April 30(Saturday)

No. 18 [Visit] Fukushima Evacuation Centers, 41 Days After the Incident at the Nuclear Power Station

 

The following is a record of the exchanges between the Prime Minister and evacuees at each center. This footage was taken by a cameraman accompanying the Prime Minister, and naturally does not show those whom the Prime Minister was unable to speak with. There were physical and temporal limits to the Prime Minister's visit, which can be overcome only by imagining the feelings of those not shown in this footage. Actually, at one point during the visit an evacuee called out to the Prime Minister, "What, just passing by? Going home already?" As those travelling with the Prime Minister hesitated momentarily about what to do, the Prime Minister himself turned back and went to talk with the person who voiced this comment. The Prime Minister will continue speaking directly with individual members of the public.

 

 

Tamura City Gymnasium, Fukushima

<A man confronts the Prime Minister to make a loud request>

Man: I understand well that you are working hard, but you need to do more! Please work harder to bring the situation at the nuclear power station under stable control. Please!

 

<The Prime Minister explains the no-entry zone to a woman kneeling formally alone in her room made out of cardboard>

Prime Minister: While the Government draws up its plans, the police are working hard to stop burglars from entering the area and to keep a good watch on each neighborhood. We are currently making plans so that not too long from now, residents will be able to take turns making home visits.

 

Woman: I am grateful to hear it. I appreciate your thoughtfulness.

 

Prime Minister: No, it is I who should be thanking you.

 

<A couple makes an appeal to the Prime Minister. At the back, their daughter holds her baby in her arms.>

Woman: Please do something quickly.
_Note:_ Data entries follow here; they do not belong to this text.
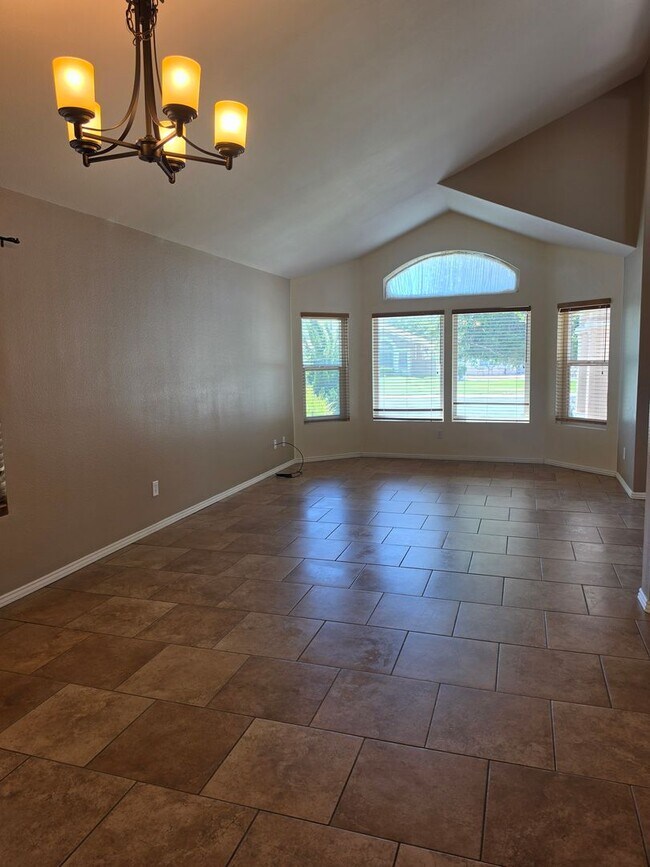 Building Photo - Spacious 4 Bedroom 2 bath Home in Victorville – Landscaping Included!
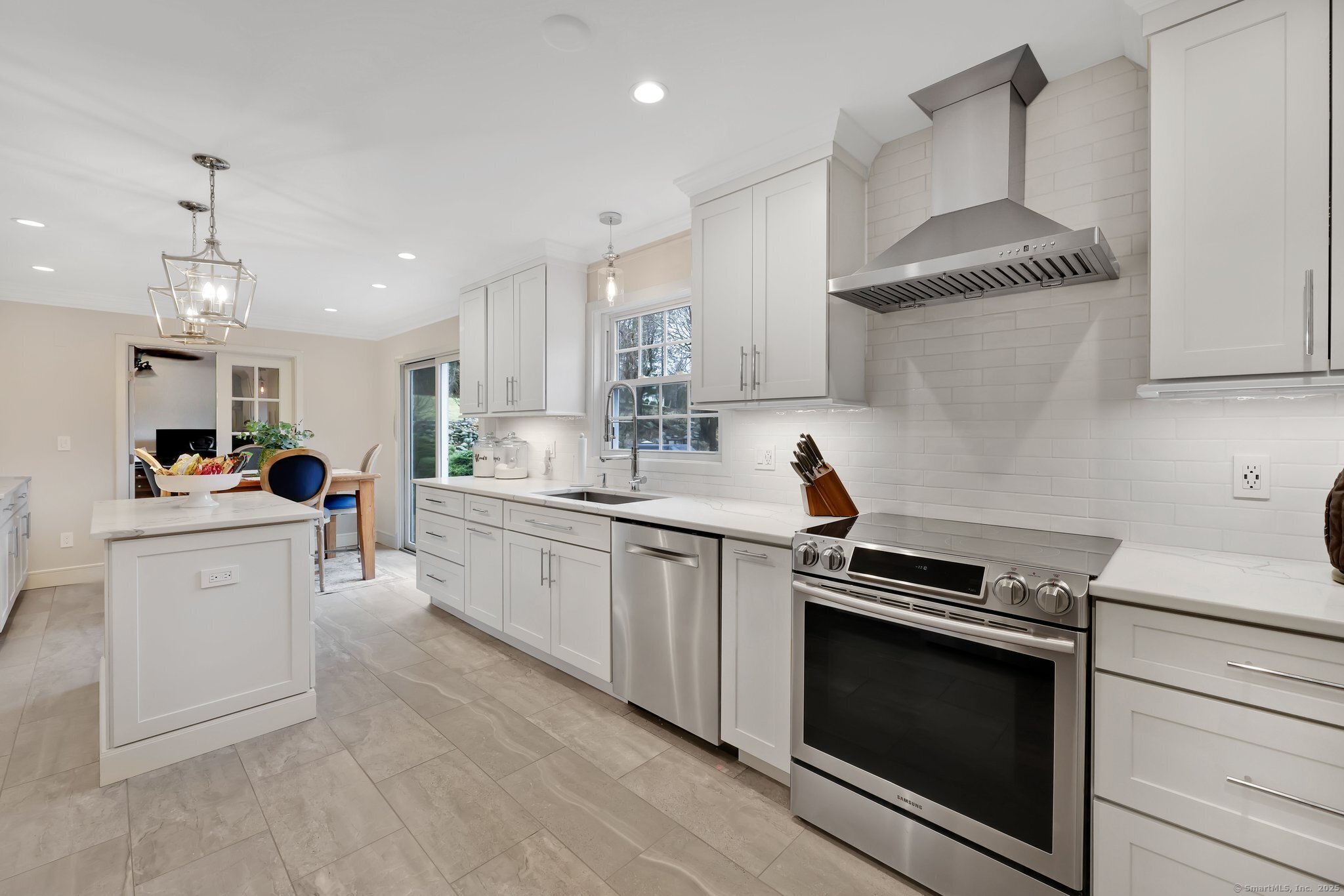 25 Deerfield Lane, Monroe, Connecticut image 6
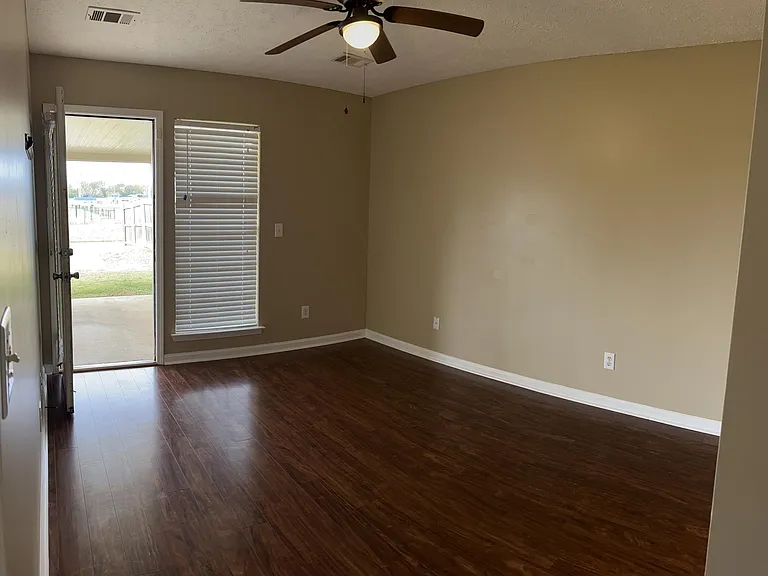 2044 W Aberdeen Dr — Photo 15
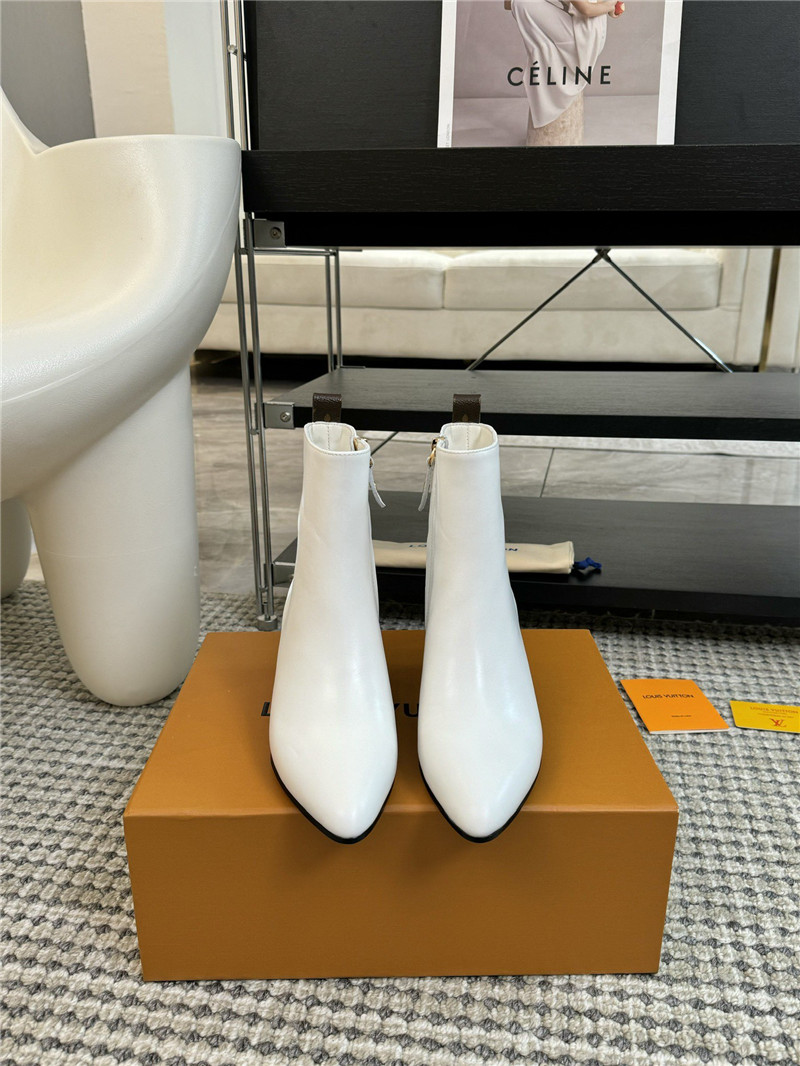 l0vis Vvtt0n lv white pointed ankle boots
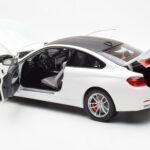 BMW M4 F82 Frozen Brilliant Blanc Paragon 1:18 PA-97101 - image 5 of 8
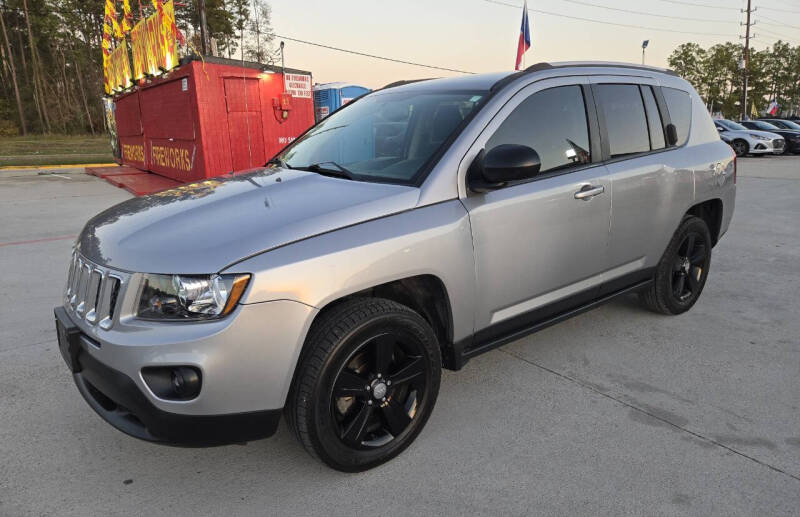 2017 Jeep Compass Sport photo 2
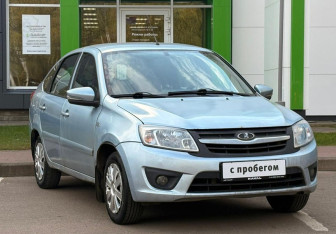 Подержанный автомобиль LADA (ВАЗ) Granta Liftback 2015 года (3 фото)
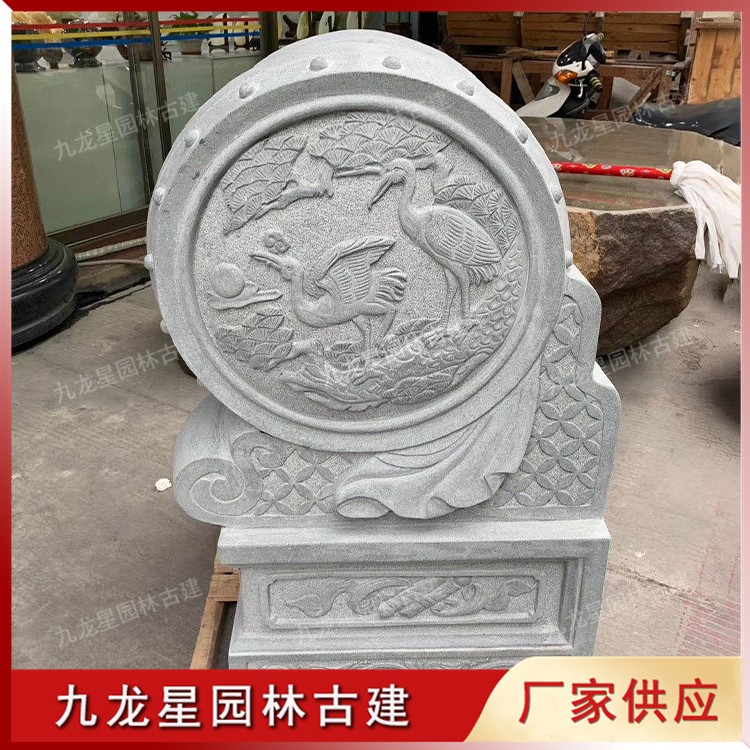 青石雕刻門當(dāng)抱鼓石圖片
This isn't for us - we don't have very much longer to live. But the children still have their futures ahead of them. I'm sure your work is very difficult and you are working hard, but please do something to contain the situation at the nuclear power station.

 

Prime Minister: I can only imagine how difficult it must be to live in an evacuation center for so long. For the children as well I promise to do everything I can.

 

Man: Please do.

 

Big Palette Fukushima, Koriyama City, Fukushima

The next destination was a large facility housing about 1,500 people.

 

<One after another, people shout out requests and shake hands with the Prime Minister>

Man: Please do something soon about the nuclear power station.

 

Prime Minister: I will work hard to bring the situation under stable control.

 

Woman: Please, let me visit my home.

 

Prime Minister: We are now drawing up plans for temporary visits.

 

Woman: Please let us go back home soon.

 

<The Prime Minister speaks with a couple kneeling down formally>

Prime Minister: I know things are very difficult right now.

 

Woman: Thank you for your concern. I'm glad.

 

Prime Minister: The Government and the country will do everything we can for you.

 

(Deputy Chief Cabinet Secretary Tetsuro Fukuyama: Please take care of yourself.)

 

<A woman makes a crying plea to the Prime Minister>

Woman: I want to go back home.

 

Man: We all want to go back home.

 

Prime Minister: It will take a little more time, but the Government is doing all that it can. I understand that things must be truly difficult right now.

 

<A series of handshakes>

There was one thing that the Prime Minister felt more strongly than anything else as each person approached to give him words of encouragement and shake his hand...

 

<The Prime Minister answers questions from reporters at the evacuation center>

Prime Minister: After going to the evacuation centers and listening to their stories, I asked myself whether I genuinely understood the feelings of everyone there. And I realized that we need to think about each issue more from the standpoint of the disaster victims. I strongly felt this yet again during this visit.

 

<The Prime Minister speaks to an elderly man who gets up from his bed in tears>

Prime Minister: No need to get up, you are fine where you are. Please take care of yourself.

 

Man: Thank you.

 

Prime Minister: It's truly tough right now, but please take care of yourself.

 

Young man next to the elderly man: We're counting on you.

 

Prime Minister: I'll do my best.

 

<A man whose house is 65km from the evacuation center>

Man: Mr. Prime Minister, please make Tomioka Town become as close as possible. Right now, my house is now farther away to me than the United States. If I wanted to go to the United States, I could fly there...

 

<The following day's press conference at the Prime Minister's Office>

Prime Minister: "I can visit the United States in a little over 10 hours, but I may not be able to visit my own house in weeks, maybe even months. I want to go back home soon. Please help me." ...The Government must do everything in its power to help those who had to leave their homes... I felt this yet again very strongly during my trip.